Businesses are certainly eager to reopen their doors and (at least attempt to) return to business as usual, but the evidence paints a different future, one where offices won’t look the same as they did before.
The shift to remote work was, of course, necessary, and many organizations—including those that before weren’t entirely sold on WFH—have seen the benefits and may keep such policies active indefinitely.
Nonetheless, there will be employees who will need to come back to the office to perform their roles effectively, and the physical space will need to accommodate our new working styles.
Here are some possible your ways your office might look and operate differently when you return, including policies that your management team should implement that will help foster collaboration between employees and departments.
While our desks will likely be moved apart, the physical distance will be compensated by more open spaces that attempt to maintain collaboration.
One idea that’s been presented is installing glass partitions between cubicles. It has twofold benefits: It allows the space to remain open and visible while, of course, limiting airflow and other contact between employees. They will also help employees communicate vocally with their teammates and observe their body language, reducing stress and improving both the literal and more immaterial meanings to the word transparency.
Regardless of how long our current health crisis lasts, this is a long-term plan that could curb the overall number of sick days employees take annually. It is, however, a costly plan that benefits only the small number of people who need a shared space to do their jobs.
All employees have had to get used to communicating digitally with their peers.
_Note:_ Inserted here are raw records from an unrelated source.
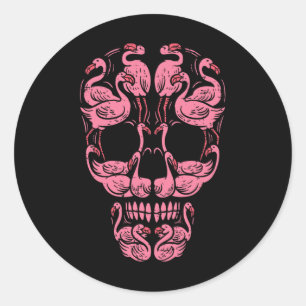 Pink Flamingo Skull Breast Cancer Awareness Hallow Classic Round Sticker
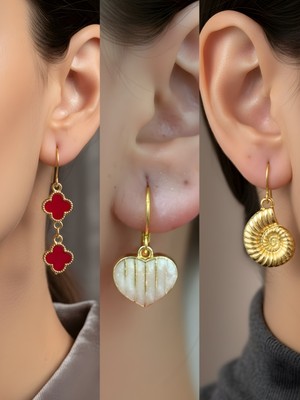 NKT Collection Trend Sembol Figürlü 3’lü Kadın Küpe Set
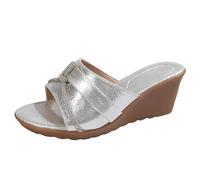 Uwdiohq Women's Summer New Roman Open Toe Thick Bottom Sandals Casual Comfortable Slope Heel Slippers Cow for Women (Silver, 4) Wedges Low Wedge Heeled Mules Slide Ladies Womens Size 5 Sandal 6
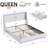 White Upholstered Platform Bed With LED Lights And Nightstands Set, Bed Frame With USB & Type-C Charging Ports, Storage Drawers, Faux Linen Headboard, 2 Nightstands With Drawer & Shelf, Modern Bedroom Furniture Set-1826329197-1826329199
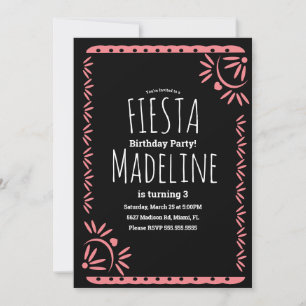 Papel Picado Mexican Birthday Fiesta Floral Border Invitation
Others, specifically frontline employees, have also had to interact with customers through digital means. While there’s something to be said about face-to-face interactions, organizations will have to pick and choose which interactions with certain customers are necessary for in-person meetings and which can be done virtually for the sake of safety and logistics.
While we’ve all joked about the occasional hiccups when teleconferencing (“Can you hear me?”), there is a sense of urgency and efficiency when holding virtual meetings. There’s less time spent making small talk, figuring out venues and seating, and, of course, commuting.
If you’re used to mostly face-to-face meetings, you may be happy with even just one client meeting per day. Experts in the virtual model might meet six clients per day. The lack of planes, trains, automobiles, and lobby sign-ins gives you back hours every day and week. Use that time to go deeper with your clients.“10 Tips for Operating a Virtual Customer Success Organization,” Nick Mehta, Gainsight
One industry where digital customer service is most utilized and innovative is health care, where telemedicine is seeing lasting benefits. (At least if the health system is innovation minded.) Sixty-two percent of patients have the quality of telehealth care was the same as in-person, 21% saying it was even better.
Regardless of your industry, customers are increasingly interested in virtual experiences. By offering digital customer service, you gain an edge over your competitors that are unable to meet under circumstances other than “normal.”
The fast transition to digital work at the onset of the COVID-19 crisis was a feat for IT and management teams, from implementing virtual platforms to updating security policies to introducing new meeting types and styles.
This transition has, in a lot of ways, set a precedent for how organizations will address issues in the future. Perhaps not on as large of a scale, but recognizing how valuable employee insight has benefits at all times.
Your employees drive change within your organization. A platform that allows them to voice their opinions and for management to act on them allows your organization to thrive, even under stressful circumstances.